[What to work on] An exact reproduction of the lines from the one with "Anyway, I hope" to the end of the data below is required. No other lines may be included.

### Record extracts ###

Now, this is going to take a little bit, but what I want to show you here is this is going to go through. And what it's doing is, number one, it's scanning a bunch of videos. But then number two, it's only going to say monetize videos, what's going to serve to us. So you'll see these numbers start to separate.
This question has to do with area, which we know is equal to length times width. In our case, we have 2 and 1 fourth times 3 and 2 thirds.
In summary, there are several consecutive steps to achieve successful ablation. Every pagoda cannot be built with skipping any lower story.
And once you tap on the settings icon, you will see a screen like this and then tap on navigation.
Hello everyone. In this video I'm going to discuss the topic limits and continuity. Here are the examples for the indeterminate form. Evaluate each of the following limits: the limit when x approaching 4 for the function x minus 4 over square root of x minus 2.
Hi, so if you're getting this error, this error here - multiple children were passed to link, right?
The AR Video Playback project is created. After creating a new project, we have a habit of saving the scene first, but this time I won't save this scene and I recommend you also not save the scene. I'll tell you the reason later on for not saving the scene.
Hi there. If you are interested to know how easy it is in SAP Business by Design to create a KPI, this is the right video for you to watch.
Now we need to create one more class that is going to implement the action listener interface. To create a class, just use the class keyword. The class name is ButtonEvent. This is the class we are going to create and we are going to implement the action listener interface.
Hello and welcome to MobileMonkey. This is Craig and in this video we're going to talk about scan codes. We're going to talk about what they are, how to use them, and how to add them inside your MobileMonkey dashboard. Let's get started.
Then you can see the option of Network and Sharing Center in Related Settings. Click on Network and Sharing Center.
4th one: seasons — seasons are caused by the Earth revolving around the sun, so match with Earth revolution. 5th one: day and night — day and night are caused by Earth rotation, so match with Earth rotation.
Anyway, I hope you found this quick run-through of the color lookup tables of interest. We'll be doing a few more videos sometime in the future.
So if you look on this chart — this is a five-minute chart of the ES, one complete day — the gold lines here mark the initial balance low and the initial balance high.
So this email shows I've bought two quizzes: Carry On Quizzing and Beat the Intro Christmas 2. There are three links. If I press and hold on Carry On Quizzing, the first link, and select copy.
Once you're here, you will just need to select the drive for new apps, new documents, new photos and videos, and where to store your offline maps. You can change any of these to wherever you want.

###

[Problem solution]
Anyway, I hope you found this quick run-through of the color lookup tables of interest. We'll be doing a few more videos sometime in the future.
So if you look on this chart — this is a five-minute chart of the ES, one complete day — the gold lines here mark the initial balance low and the initial balance high.
So this email shows I've bought two quizzes: Carry On Quizzing and Beat the Intro Christmas 2. There are three links. If I press and hold on Carry On Quizzing, the first link, and select copy.
Once you're here, you will just need to select the drive for new apps, new documents, new photos and videos, and where to store your offline maps. You can change any of these to wherever you want.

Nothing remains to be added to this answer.